◆ **REQUIREMENT**
An exact transcription of every record is needed, leaving out the pictures.

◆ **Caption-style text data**
════════

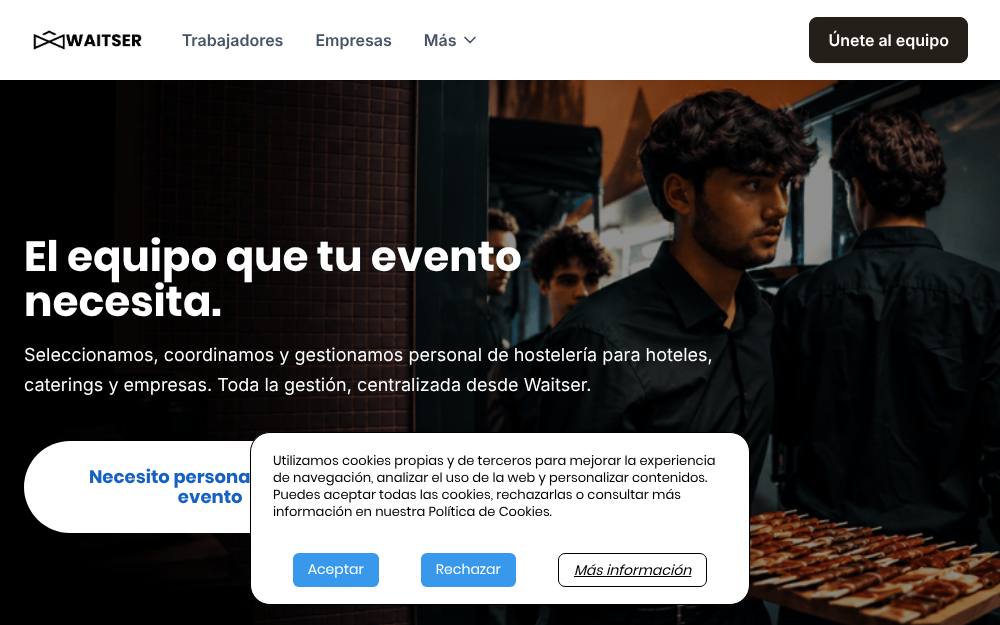 Portada de la web de Waitser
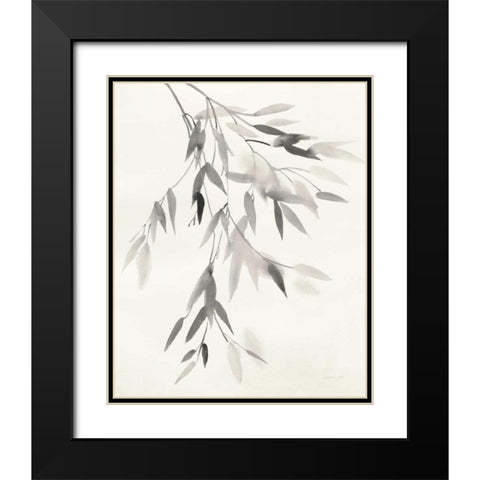 Bamboo Leaves IV Black Modern Wood Framed Art Print with Double Matting by Nai, Danhui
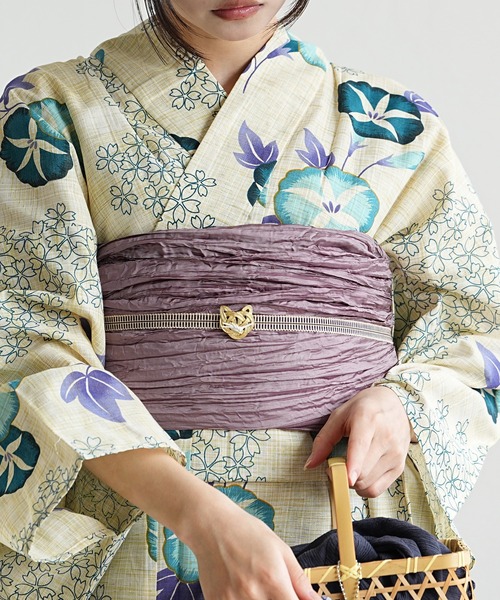 新品未使用☆浴衣☆綿麻☆朝顔☆帯付き☆大人 utatane 浴衣 浴衣3点セット 綿麻 水色の朝顔 レディース : ZOZOTOWN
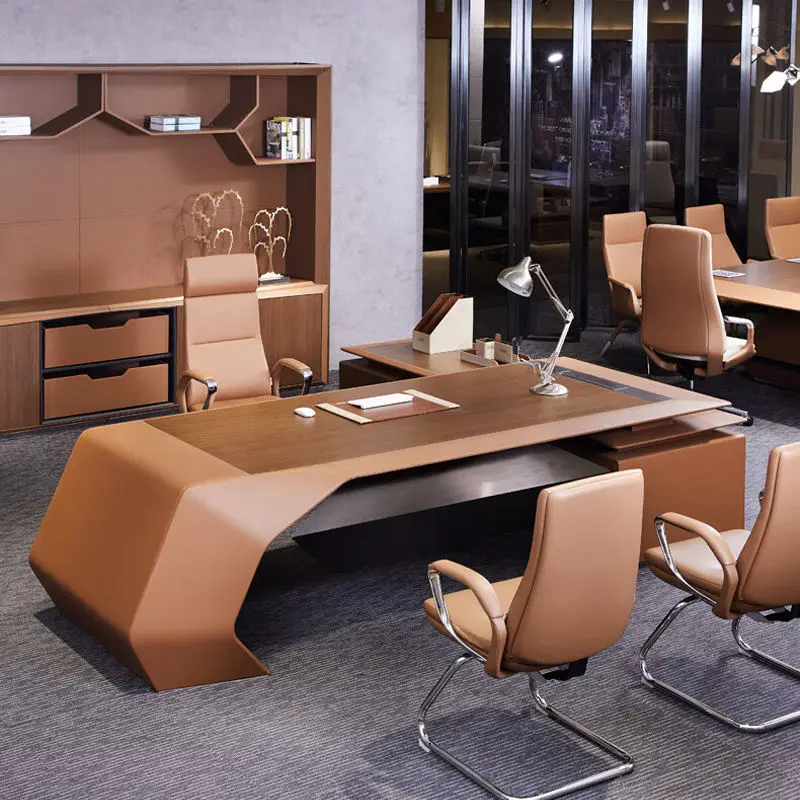 Italian Style Classic High-Grade Luxury Boss Desk Office Furniture with Leather Finish Panel Wood Style for CEO Office T — view 1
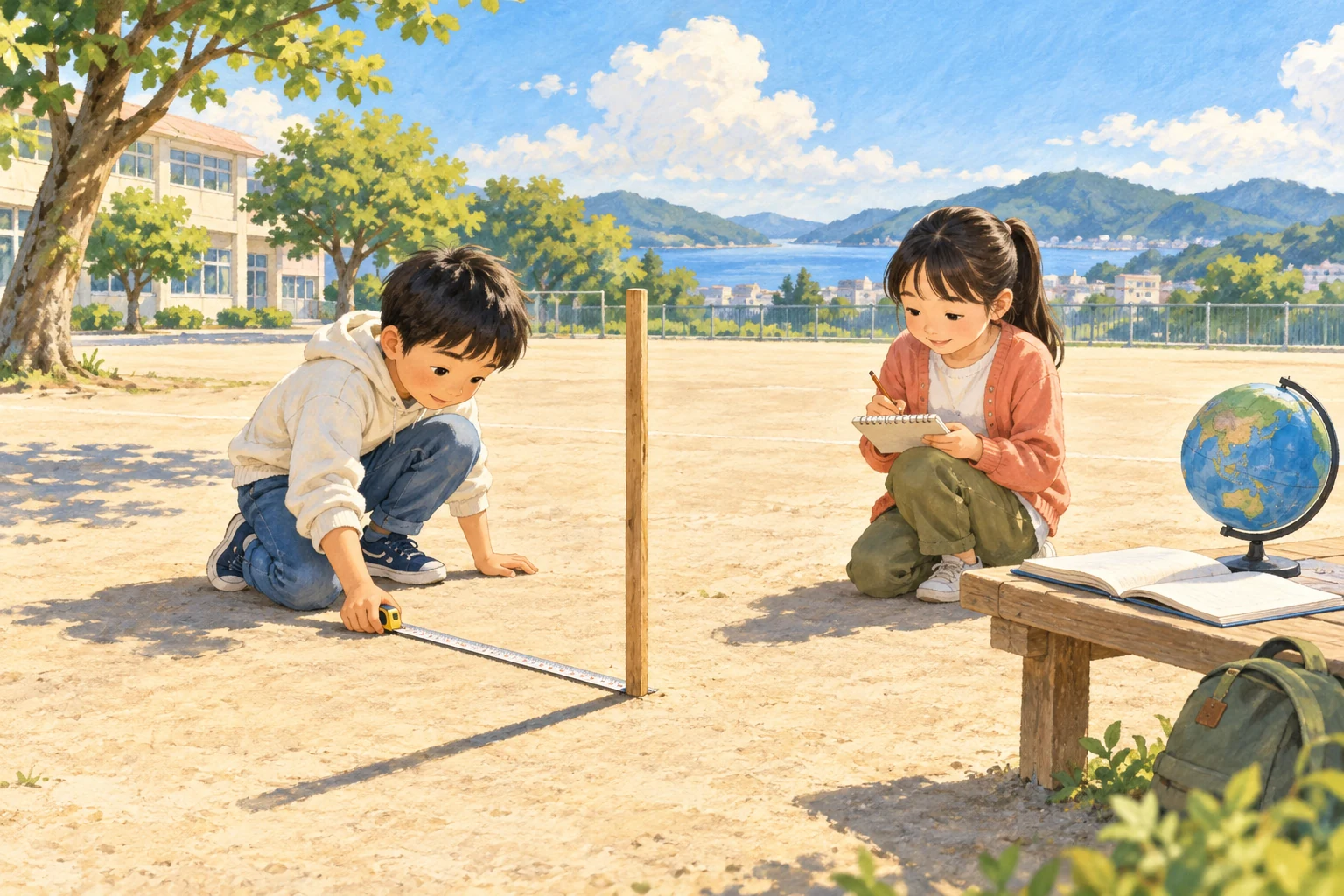 两个孩子在操场用卷尺量竖杆的影子,旁边放着地球仪。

════════

◆ **RESPONSE AREA**
 Portada de la web de Waitser
 Bamboo Leaves IV Black Modern Wood Framed Art Print with Double Matting by Nai, Danhui
 新品未使用☆浴衣☆綿麻☆朝顔☆帯付き☆大人 utatane 浴衣 浴衣3点セット 綿麻 水色の朝顔 レディース : ZOZOTOWN
 Italian Style Classic High-Grade Luxury Boss Desk Office Furniture with Leather Finish Panel Wood Style for CEO Office T — view 1
 两个孩子在操场用卷尺量竖杆的影子,旁边放着地球仪。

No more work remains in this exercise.